## TASK GOAL
Find the line that contains "Listing Photo 4" in the entries below. Restate it and every line after it, word for word, with no pictures.

## Extracted data entries

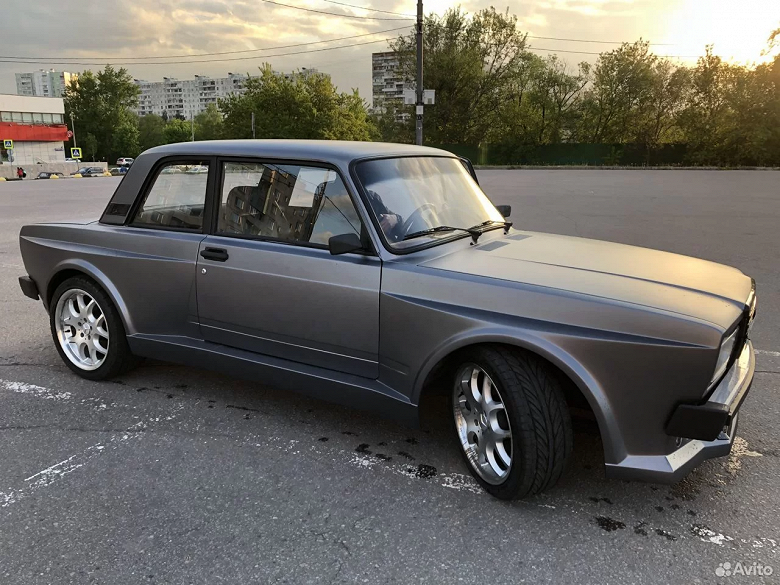 Уникальный ВАЗ-2105 на платформе Mercedes-Benz Е210 AMG 55 выставили на продажу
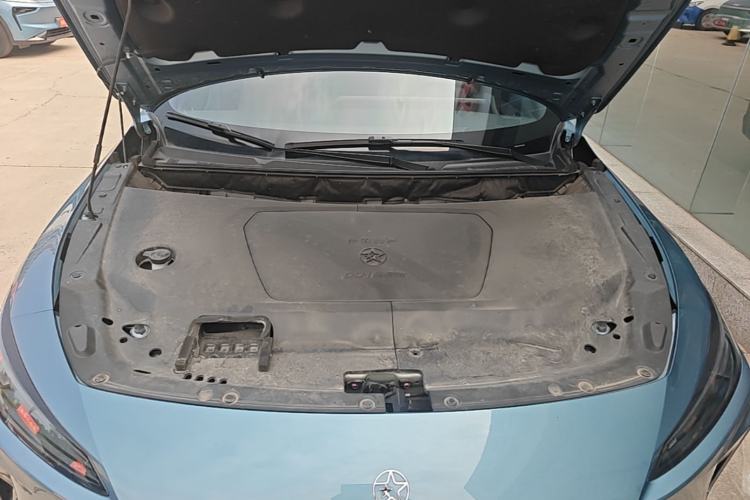 Used Venucia V DD-i 2025 Orca 150km Joyful Journey Edition Engine Bay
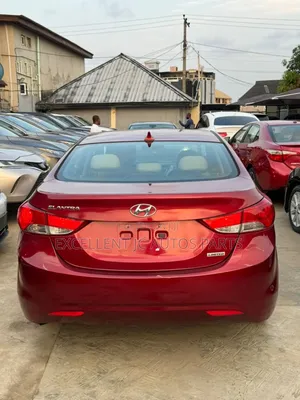Hyundai Elantra 2014 Red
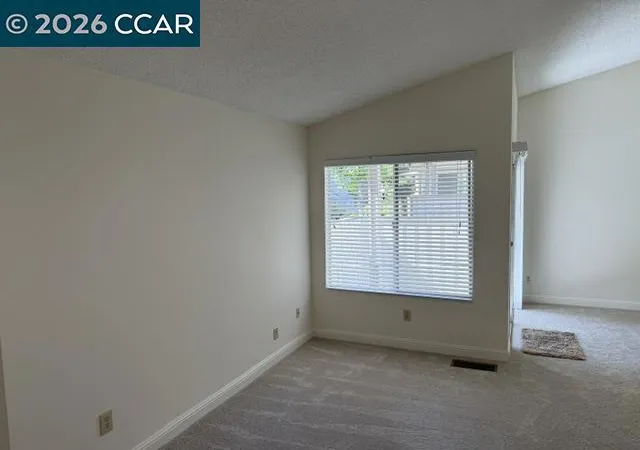Listing Photo 4 - Condo for sale in building located at 5425 Concord Blvd, Concord, CA 94521 - Unit #E4
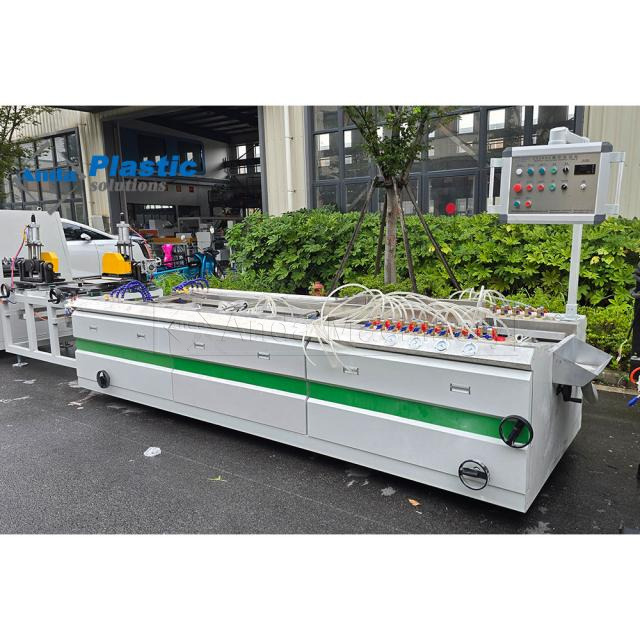 Anda Ligne d'extrusion de profilés de soffite en PVC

## TASK SOLUTION
Listing Photo 4 - Condo for sale in building located at 5425 Concord Blvd, Concord, CA 94521 - Unit #E4
 Anda Ligne d'extrusion de profilés de soffite en PVC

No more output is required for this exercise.